UNITED STATES
SECURITIES AND EXCHANGE COMMISSION
Washington, D.C. 20549


SCHEDULE 13D/A

(Amendment No. 1)

Under the Securities Exchange Act of 1934

DIONICS, INC.

(Name of Issuer)


Common Stock

(Title of Class of Securities)



254547102

(CUSIP Number)


David M. Kaye, Esq.

Kaye Cooper Fiore Kay & Rosenberg, LLP

30A Vreeland Road, Suite 230

Florham Park, New Jersey 07932

(973) 443-0600

(Name, Address and Telephone Number of Person Authorized to Receive Notices and Communications)


April 21, 2010

(Date of Event which Requires Filing of this Statement)


If the filing person has previously filed a statement on Schedule 13G to report the acquisition that is the subject of this Schedule 13D, and is filing this schedule because of §§ 240.13d-1(e), 240.13d-1(f) or 240.13d-1(g), check the following box. [_]
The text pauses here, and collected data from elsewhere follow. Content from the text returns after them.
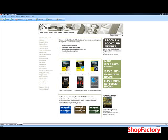Welcome to ShopFactory. In this brief introductory tutorial, we're going to show you how to build a professional-looking website that looks just like this.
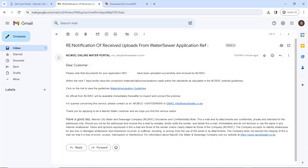Congratulations! You will receive an email from Nairobi Water confirming they have received your application. They will also indicate when they are supposed to work on it and how you can reach them. You have successfully applied for a Nairobi Water connection to your home, area, or commercial space. My name is Katherine — if you find our videos helpful, please subscribe, share, like, or leave a comment. Until next time, bye bye!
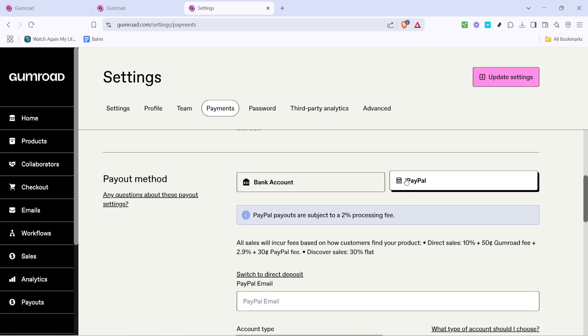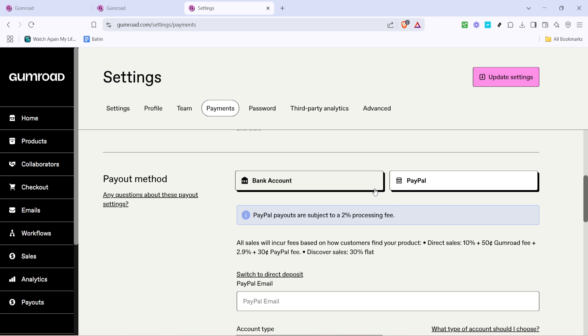And there you have it, you've successfully added a payment method to your Gumroad account. This setup will allow for seamless transactions and ensure you're ready to handle payments from your customers swiftly. Remember, keeping your payment information up to date is crucial for the smooth operation of your e-commerce activities on Gumroad. Thank you for watching and I hope this guide has been helpful. If you have any further questions, be sure to check out the resources available on Gumroad's support page.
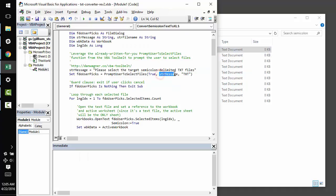The next option is the text that you'd like to see inside the Windows Explorer window that pops up when this function gets called. And so, we set that to please select the target semicolon delimited text files.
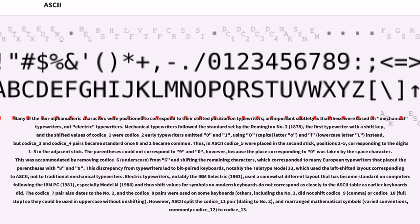Thus, in ASCII certain characters were placed in the second stick, positions 1 to 5, corresponding to the digits 1-5 in the adjacent stick. The parentheses could not correspond to 9 and 0, however, because the place corresponding to 0 was taken by the space character. This was accommodated by removing underscore from 6 and shifting the remaining characters, which corresponded to many European typewriters that placed their parentheses with 8 and 9. This discrepancy from typewriters led to bit-paired keyboards, notably the Teletype Model 33, which used the left-shifted layout corresponding to ASCII, not to traditional mechanical typewriters.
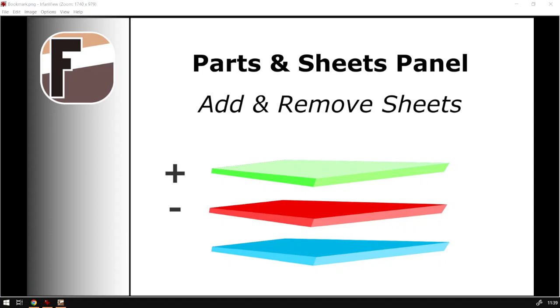Howdy guys, in today's video we're going to be looking at how to add and remove sheets from your parts and sheets panel, but before that let's have a quick intro first.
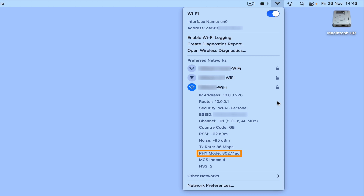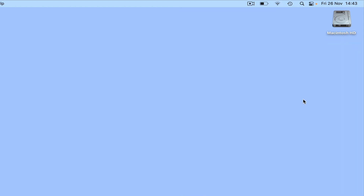Finally we have PHY mode, which informs us of the type of wireless connection that we are using. While 802.11 is the old designation used for different Wi-Fi standards, these have recently been simplified: 802.11g is now Wi-Fi 3, 802.11n is Wi-Fi 4, 802.11ac is Wi-Fi 5, and 802.11ax is Wi-Fi 6. This makes PHY mode a simple method for determining the type of wireless network your computer is connected to and what data transfer speeds you can expect.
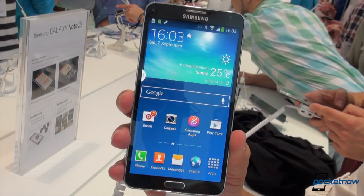Hey everybody, it's Michael Fisher with Pocketnow, day two of IFA, back at the Samsung booth because we didn't get quite a close enough look at all the features, specifically the S Pen features, in the new Galaxy Note 3. So let's check out what you can do with this new class-leading phablet.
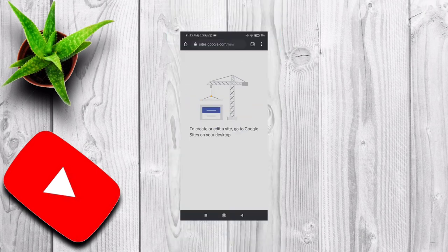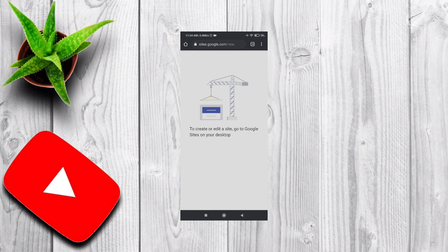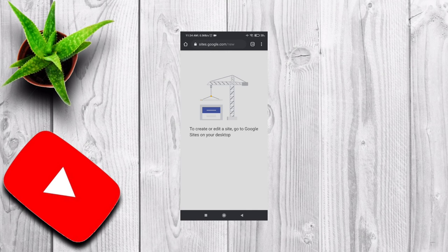It's showing that to create a site, you need to go to Google Sites on your desktop. It means you have to be on a laptop or desktop for this access. But here is how you can do it on your phone.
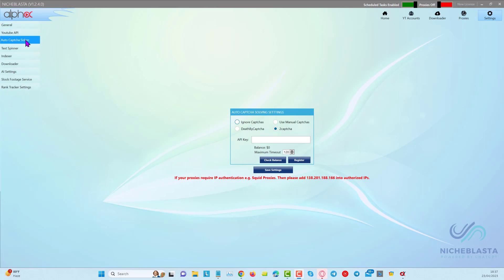The next thing that you need to do is add an API key for your AutoCAPTCHA server. We have these options here available, and you can just copy and paste the API key from your CAPTCHA provider into the NicheBlaster software.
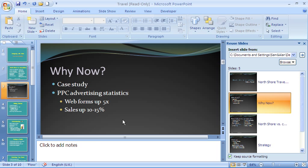But you can also maintain it to bring across the master from the other file, allowing you to use that design throughout this presentation.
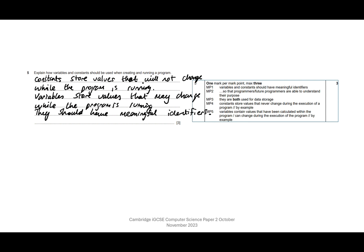They're both used for data storage. So I've actually said constants store values, variables store values, so I'm happy I'd get that. Constants store values that never change while the program is running or during the execution of the program, which is another way of saying while the program is running.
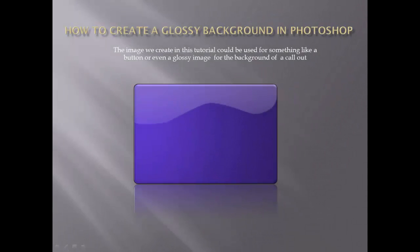Have you ever wondered how they produce those really cool glossy backgrounds with the highlights shimmering and draping over the top edge of those gradient designs? Well, wonder no more, because I am here to show you exactly how that effect is accomplished in my new tutorial: How to Create a Glossy Background in Photoshop.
Note:  Schedules filed in paper format shall include a signed original and five copies of the schedule, including all exhibits.  See § 240.13d-7 for other parties to whom copies are to be sent.
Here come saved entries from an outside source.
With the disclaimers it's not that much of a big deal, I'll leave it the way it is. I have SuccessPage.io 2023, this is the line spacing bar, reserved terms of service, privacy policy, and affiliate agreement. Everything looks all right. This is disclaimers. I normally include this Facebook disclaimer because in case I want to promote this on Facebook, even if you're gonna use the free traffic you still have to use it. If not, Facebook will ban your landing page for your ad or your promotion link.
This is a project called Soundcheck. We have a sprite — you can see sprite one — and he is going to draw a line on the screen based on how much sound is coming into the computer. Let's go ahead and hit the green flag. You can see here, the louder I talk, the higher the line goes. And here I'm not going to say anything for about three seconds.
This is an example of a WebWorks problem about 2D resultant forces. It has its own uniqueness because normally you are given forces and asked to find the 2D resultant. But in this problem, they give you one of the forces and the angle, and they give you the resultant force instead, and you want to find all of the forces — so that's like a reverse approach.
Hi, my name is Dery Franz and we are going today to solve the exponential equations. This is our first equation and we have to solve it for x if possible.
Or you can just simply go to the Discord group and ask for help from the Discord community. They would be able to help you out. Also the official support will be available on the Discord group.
*The remainder of this cover page shall be filled out for a reporting person's initial filing on this form with respect to the subject class of securities, and for any subsequent amendment containing information which would alter disclosures provided in a prior cover page.


The information required on the remainder of this cover page shall not be deemed to be "filed" for the purpose of Section 18 of the Securities Exchange Act of 1934 ("Act") or otherwise subject to the liabilities of that section of the Act but shall be subject to all other provisions of the Act (however, see the Notes).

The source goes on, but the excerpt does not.